In a normal voting arrangement, a shareholder with 30 percent of the voting stock can never be assured of any representation on a company's board of directors. This is because each director position is voted on separately. As each position is voted on, the 70 percent shareholder can outvote the 30 percent shareholder and, thereby, elect all of the directors.

With cumulative voting, the result is different. Instead of electing each director separately, all the director positions are voted on at once with the top vote-getters taking seats on the board. If three positions are being filled, each shareholder gets three votes for each of his shares. He can vote them in any fashion he wants.
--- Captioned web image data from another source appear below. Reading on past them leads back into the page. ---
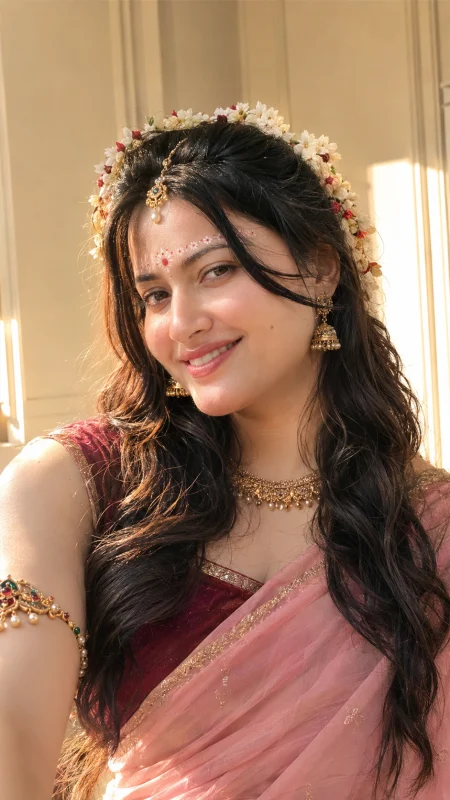 Traditional Indian woman in pink saree with floral jewelry and gold ornaments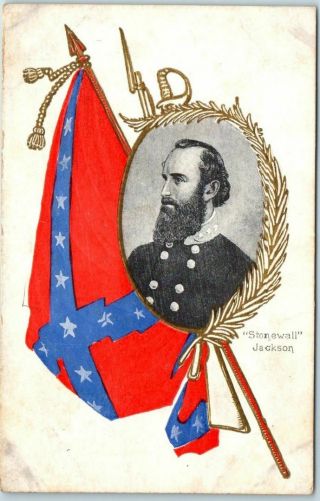 Vintage Civil War Postcard President Stonewall Jackson W/ Csa Flag C1910s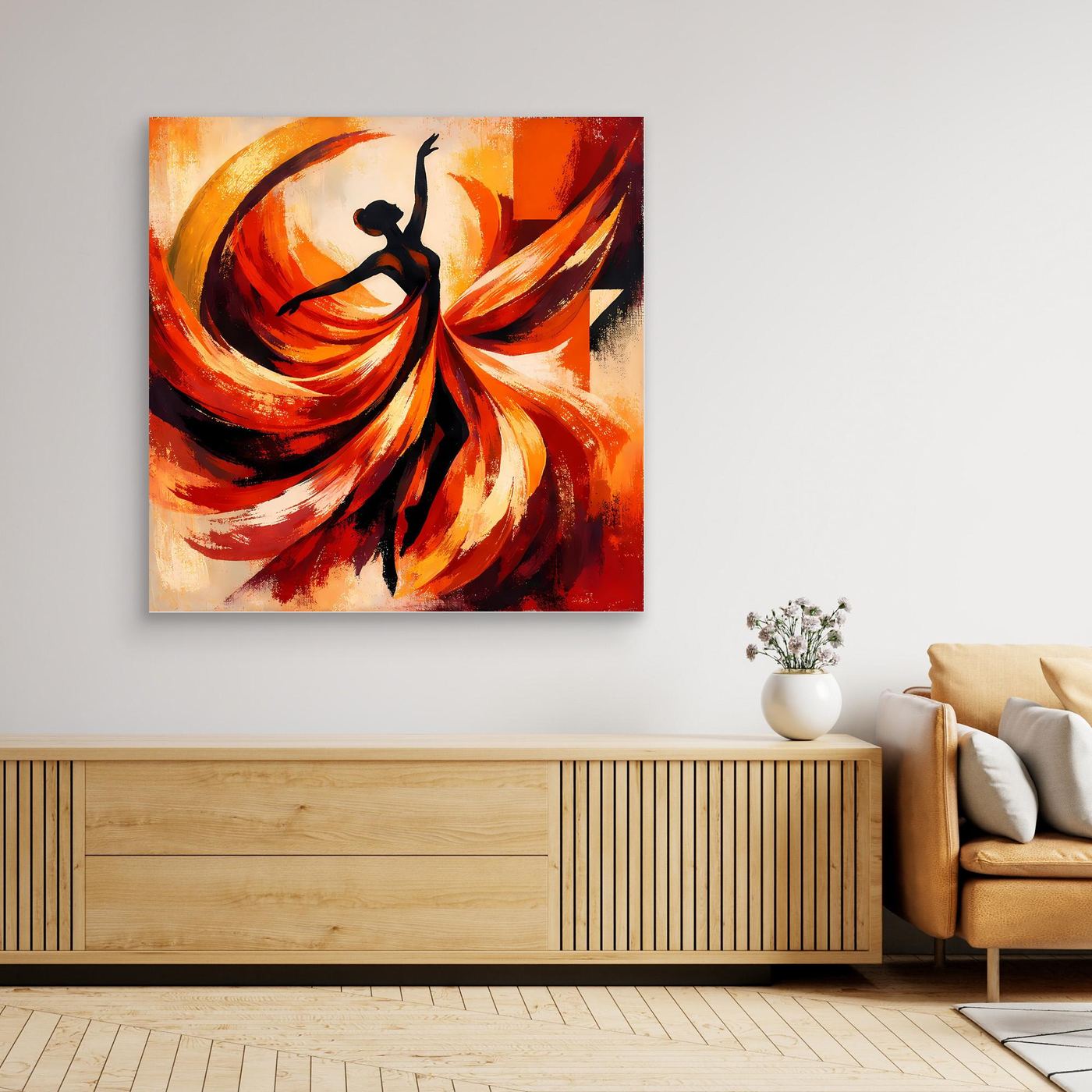 Quadratisches Leinwandbild mit Holzrahmen: abstrakte Ballerina, orange-rote Wirbel auf Leinwand.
With three positions open, a shareholder with 30 shares gets 90 votes (three times 30 votes), while a shareholder with 70 shares gets 210 votes (three times 70 votes). If the 30 percent shareholder votes all of his 90 votes for one candidate, that candidate is guaranteed to be one of the top three vote-getters because the remaining 210 votes can only give two other candidates more than 90 votes. Since the three candidates receiving the most votes are elected to the board, the 30 percent shareholder is assured of being represented on the board. See: Common Stock, Control, Management Agreements, Minority Shareholder, Shareholders' Agreements, Voting Agreements, Voting Trusts.